### Information provided ###

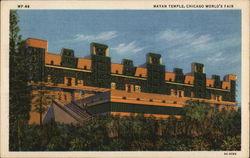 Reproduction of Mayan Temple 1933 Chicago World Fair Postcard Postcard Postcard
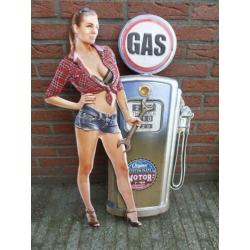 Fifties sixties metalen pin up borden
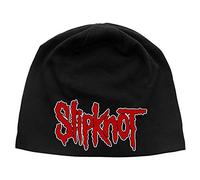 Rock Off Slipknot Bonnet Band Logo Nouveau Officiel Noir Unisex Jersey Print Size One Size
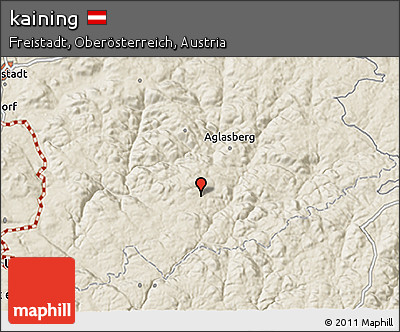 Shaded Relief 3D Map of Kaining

###
### Information provided ###

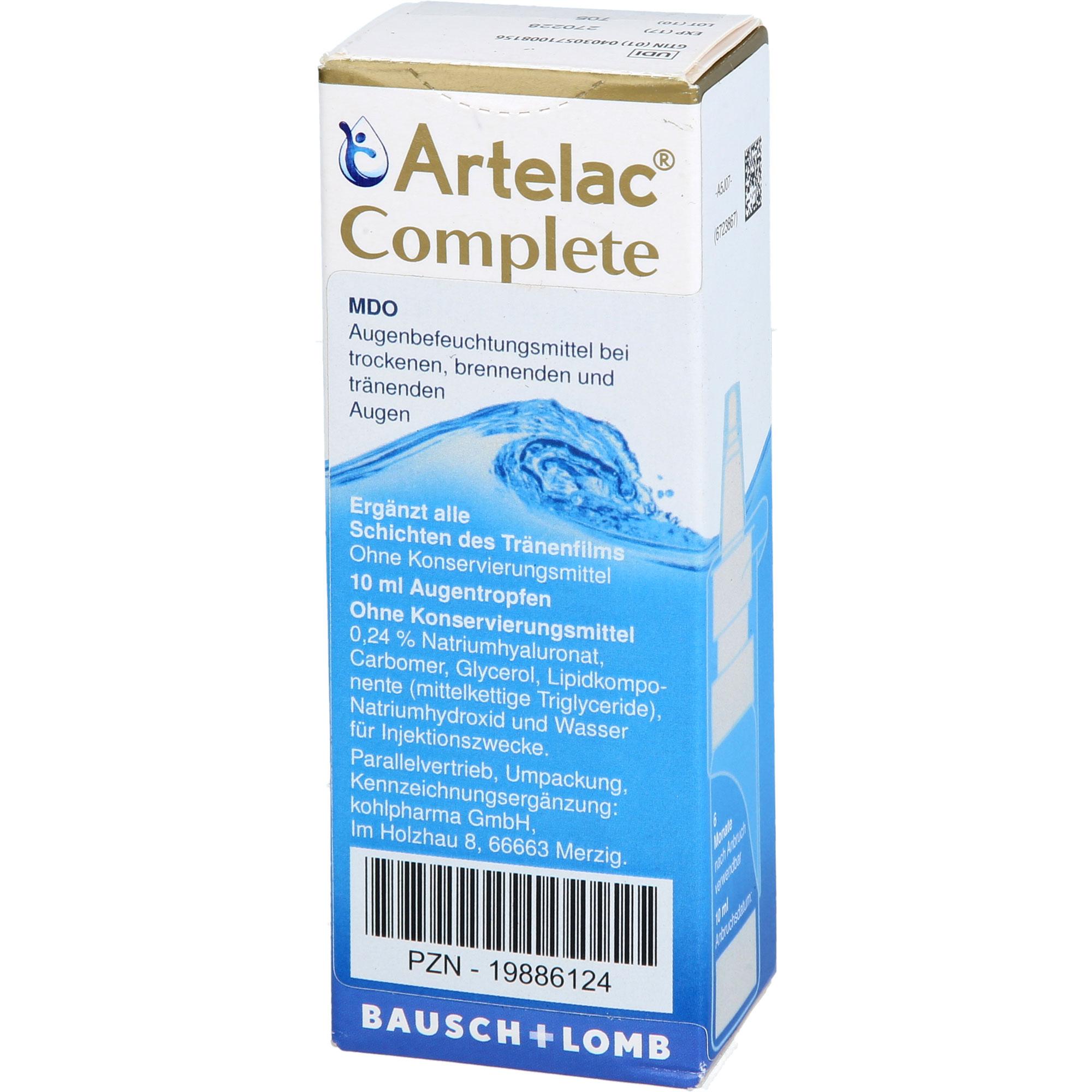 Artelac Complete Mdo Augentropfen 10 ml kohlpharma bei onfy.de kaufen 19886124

###

- **Task requirements**
Reproduce the lines above starting at the one with "Fifties sixties metalen pin up borden" and ending at the one with "Shaded Relief 3D Map of Kaining", both included, exactly and with no pictures.

- **Your solution**
 Fifties sixties metalen pin up borden
 Rock Off Slipknot Bonnet Band Logo Nouveau Officiel Noir Unisex Jersey Print Size One Size
 Shaded Relief 3D Map of Kaining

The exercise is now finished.